Even European companies with no ties to the U.S., such as Great Britain’s Tesco Plc and France’s Carrefour SA, saw their shares decline. Amazon said it would also cut prices in its 9 U.K. stores.

Amazon is less constrained by profit expectations thanks to a tech-industry ethos that values growth above everything. So it can tinker with the prices of organic eggs, almond butter and rotisserie chicken, experimenting with what gets customers to respond and then doubling down on those successful bets.

Up until a couple of years ago, the grocery price war had largely been fought over mainstream products like soda, soup and cereal, leaving higher-end organics to compete on quality. Organic products still have fatter margins, giving Amazon more room to experiment on pricing.

“When you think about Amazon’s dynamic pricing, it is taking a 21st-century technology and putting it in front of consumers in a new venue,” said Ken Harris, managing partner at Cadent Consulting Group. “Consumers have come to expect it in other places but not their neighborhood supermarket. So it’s profound, and other retailers have to take notice.”

For years, organic food was a niche category, but Whole Foods showed there was growing demand as it opened more than 400 stores across the country. Eventually, major chains like Wal-Mart and Kroger responded by stocking more organic items. U.S. consumers bought more organic fare than ever before in 2016, with sales increasing 8.4 percent to $47 billion and accounting for more than 5 percent of all food sales in the country, according to the Organic Trade Association.

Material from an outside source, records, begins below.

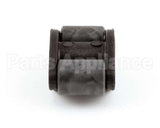 067-6702 American Dish Service Rotor Assembly, Chem. Pump (E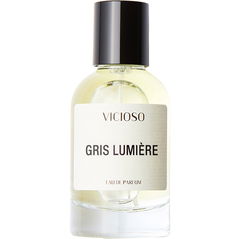 Gris Lumière von Vicioso Studios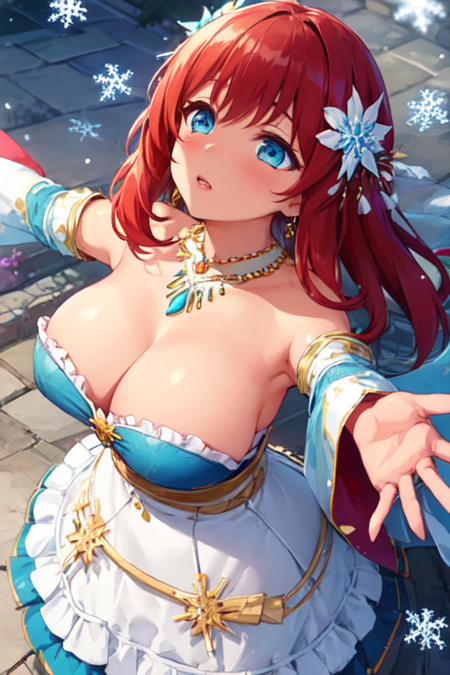 Hikari Yonaguni
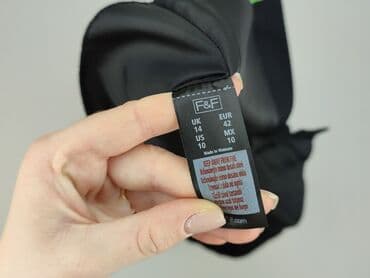 bielizna finella: F&F, Sukienka damska, rozmiar XL — 5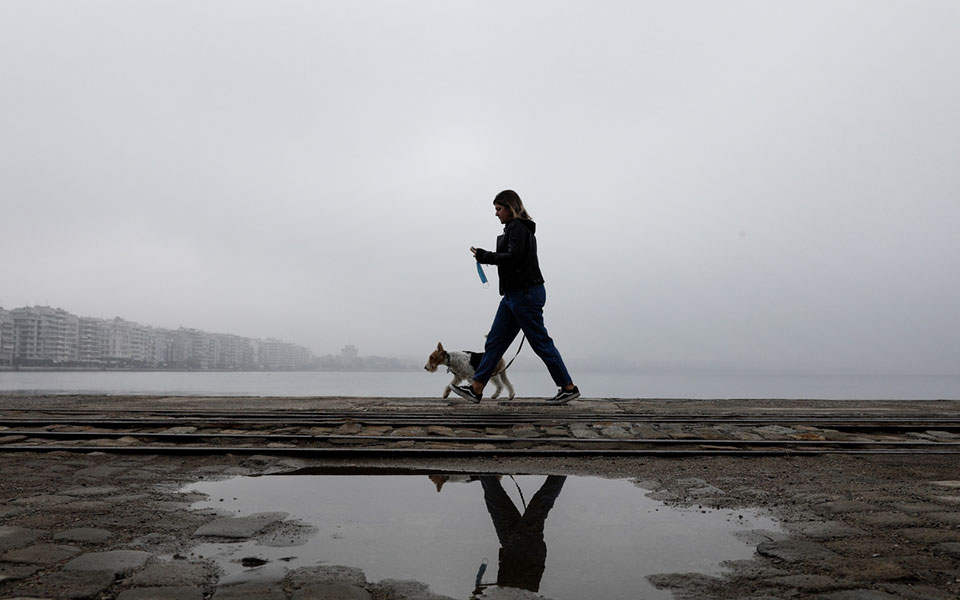 καιρός-βροχές-και-καταιγίδες-πού-θα-561597577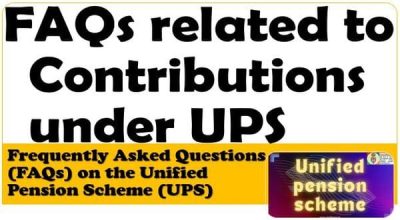 FAQs-on-contribution-UPS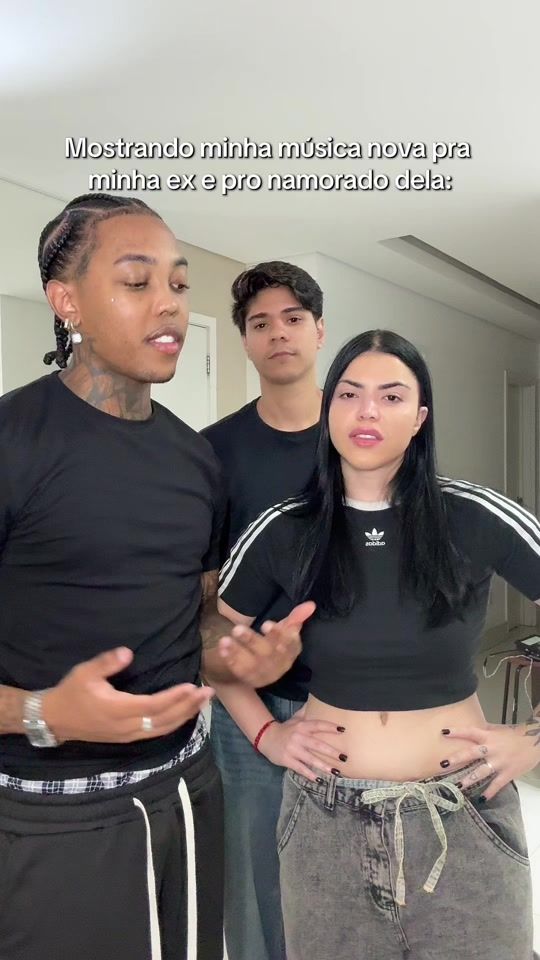 TikTok video thumbnail by weezyoficiall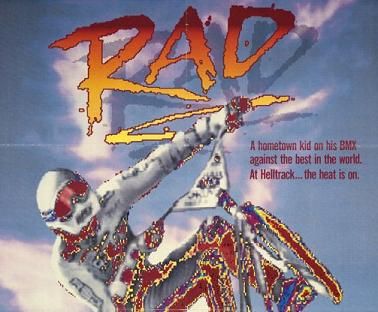 rad-movie_zpsrnw2zbon.jpg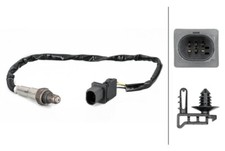 Fits HELLA 6PA358 103-131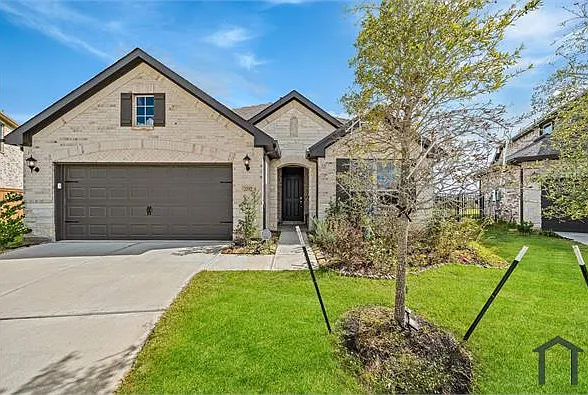 2092 Terra Rose Dr — Photo 2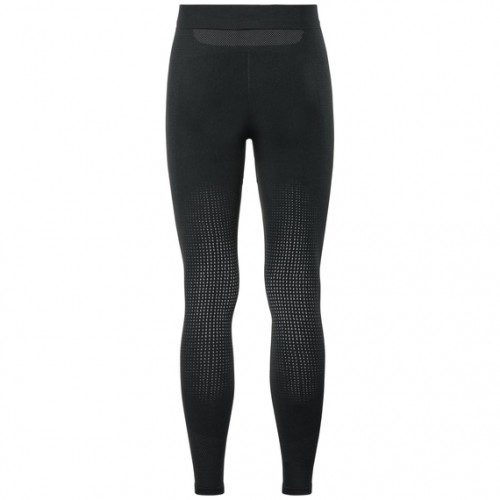  Термоштаны ODLO ( 188052 ) Pant PERFORMANCE WARM 2019 - фото 2
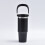 Θερμός κούπα Lilosac shop Θερμός κούπα με λαβή 500 ML 1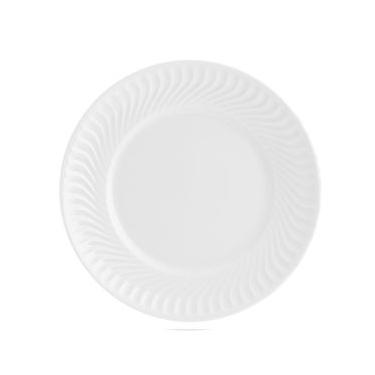 Imagem de Prato Sobremesa Sagres Unidade Vista Alegre Atlantis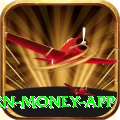 mpl earn money app Plus Edition v4.1.9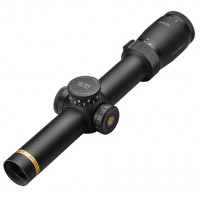 Прицел Leupold VX-5HD 1-5x24 CDS-ZL2, FireDot Duplex, подсветка
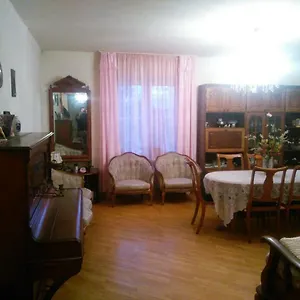 Tbilisi Home Тбилиси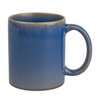 Lava mug 330 ml - blue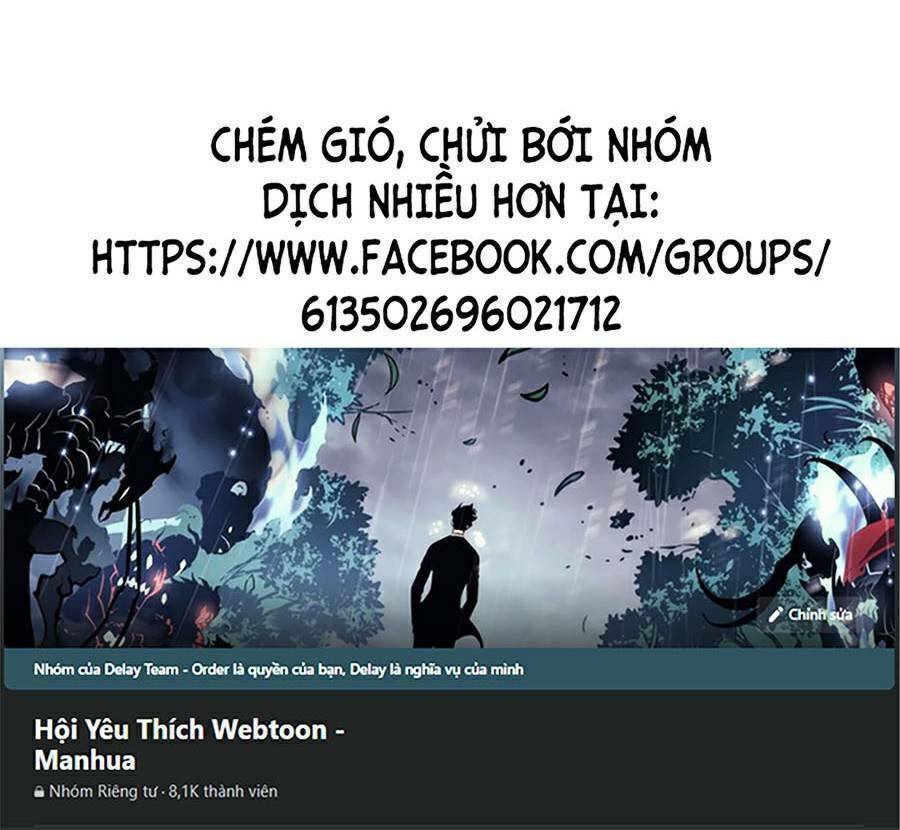 Giáo Dục Chân Chính Chapter 73 - Trang 2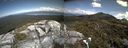 ./images/calvert/buxton2/20190625/buxton220190625_135952M.jpg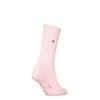 Tommy Hilfiger - Vớ nữ TH Premium Women's Sock 1P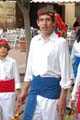 FIESTA2011_6034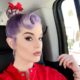 0 kellyosbourne 117299903 116857149913714 734328443674846907 n 80x80 - Kelly Osbourne reaparece con 40 kilos menos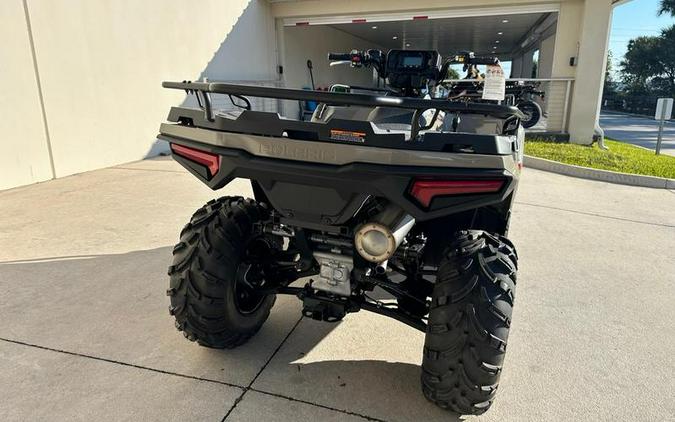2026 Polaris® Sportsman 570 EPS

But as organics became more widespread, the traditional supermarkets undercut Whole Foods on price, and the chain’s same-store sales have fallen for eight straight quarters as it struggled to respond. It introduced a new store format called 365 that offered less expensive items to attract younger, budget-conscious shoppers. But the declines continued, and the company had only opened a handful of 365 locations before Amazon pounced in mid-June. 

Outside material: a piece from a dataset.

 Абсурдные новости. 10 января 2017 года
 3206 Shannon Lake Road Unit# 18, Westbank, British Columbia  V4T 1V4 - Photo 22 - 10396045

That makes having Amazon behind Whole Foods all the more important, according to Jennifer Bartashus, an analyst for Bloomberg Intelligence. Even before the deal, the grocer was offering more discounts to combat its “Whole Paycheck” reputation and investing in a rewards program. Amazon will speed those efforts by layering on discounts for Prime members, who are typically shopping at Whole Foods already. Nearly two-thirds of Whole Foods’ regular customers are Prime members, according to retail consultancy Magid.

“Whole Foods customers are very Amazon-savvy,” said Matt Sargent, Magid’s senior vice president of retail. “That’s a good thing but with this deal, Amazon bought the same customers it already had. So they have to expand beyond current Whole Foods customers by offering more value.” Whether Amazon can convert those value-seekers into long-term customers will be the challenge, Barthashus said.

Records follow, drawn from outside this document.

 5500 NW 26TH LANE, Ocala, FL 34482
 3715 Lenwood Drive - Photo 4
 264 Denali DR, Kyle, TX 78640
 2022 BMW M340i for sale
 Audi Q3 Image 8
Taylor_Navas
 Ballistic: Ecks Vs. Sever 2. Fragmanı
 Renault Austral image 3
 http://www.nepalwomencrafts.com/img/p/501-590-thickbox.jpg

Amazon’s rapid price moves could also backfire, some analysts said. If the retail giant is unable to move quickly enough to adjust price tags in the store to reflect the discounts it’s advertising, the company could get called out by watchdogs and even fined by federal trade regulators, according to Cadent Consulting’s Harris.

“There are huge risks,” he said. And even with all this attention, Whole Foods is still a small player in the U.S. grocery market compared with Wal-Mart and Kroger, who together garner more than 30 percent of sales.

Still, the brick-and-mortar crowd no doubt noticed Amazon’s ominous note that the price cuts were “just the beginning,” with more changes in the works. Bezos is fond of saying that it’s always “Day 1” at the online giant, a reminder to maintain the aggressive, risk-taking culture of the company’s inception.

On Monday, the supermarket industry will learn just what Day 1 means.